> _What to do_
What is needed is every line from the one holding "88th Birthday 88" to the last line of the data below, printed exactly and without pictures.

[Recorded data]
----------------

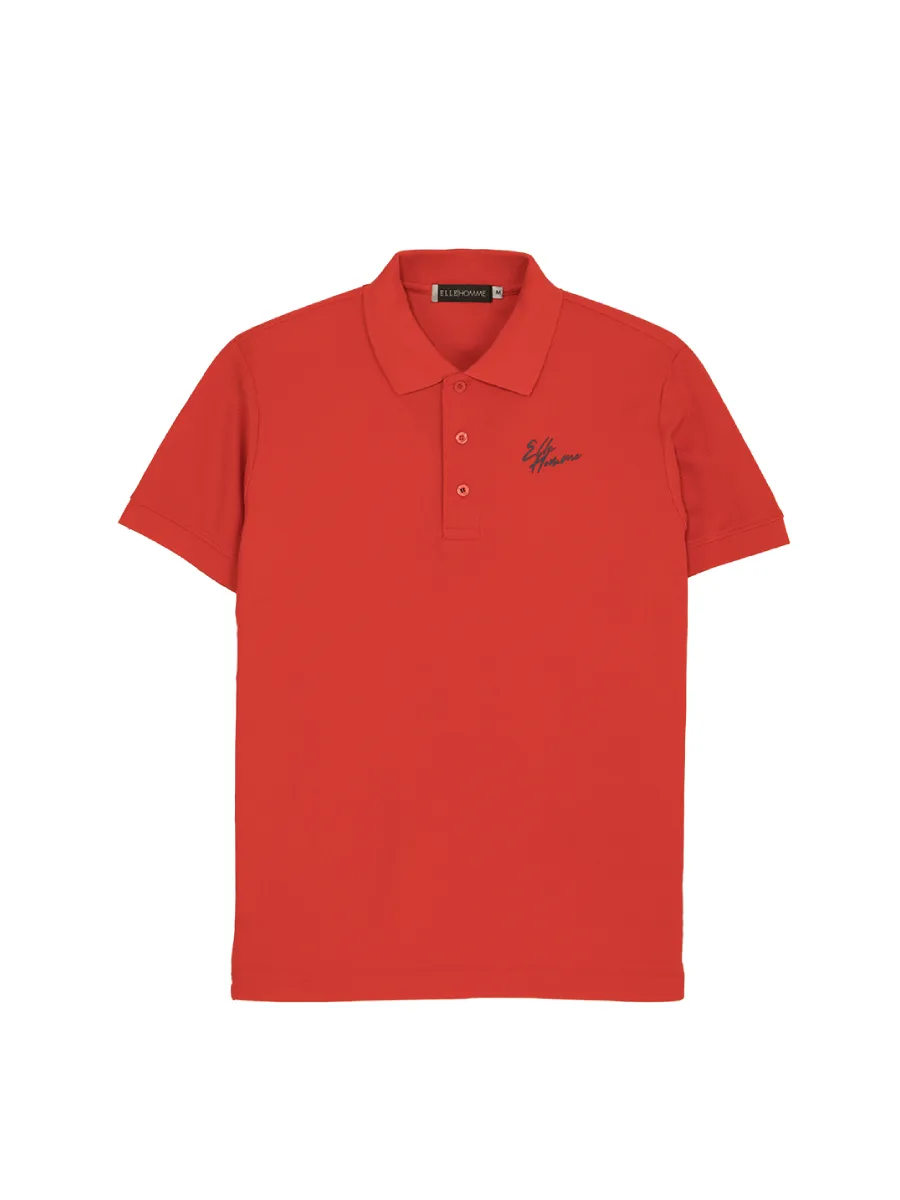 ELLE HOMME Men Polo shirt short sleeves Smart fit W8K911 - Red ELLE HOMME Men Polo shirt short sleeves Smart fit W8K911 - Red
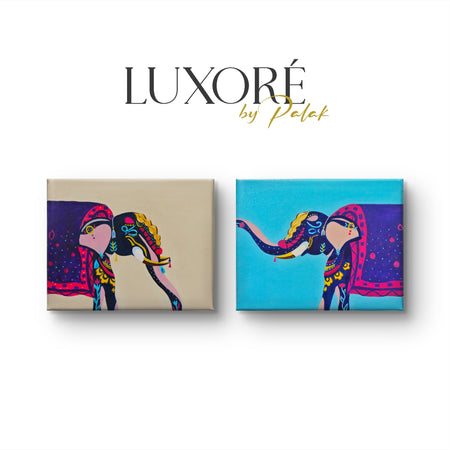 Indian Folk Art Elephant Painting - Handmade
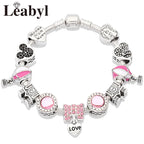 Pink Crystal Bead Charm Bracelet Colourful Enamel Handmade DIY Jewellery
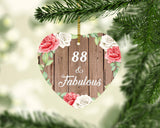 88th Birthday 88 & Fabulous - Heart Ornament B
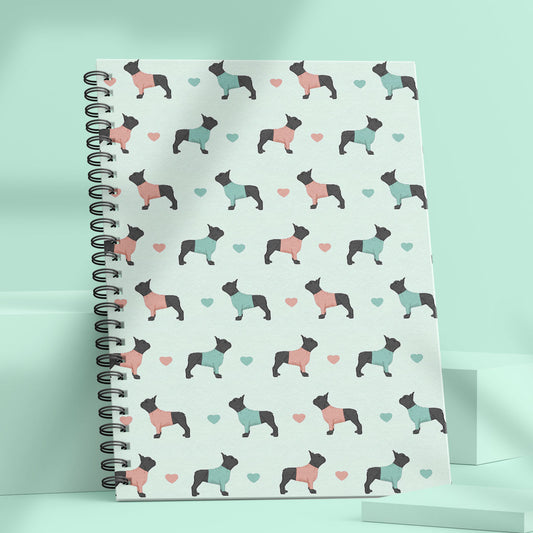 French Bulldogs and Hearts Notebook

----------------

> _Solution to this exercise_
 88th Birthday 88 & Fabulous - Heart Ornament B
 French Bulldogs and Hearts Notebook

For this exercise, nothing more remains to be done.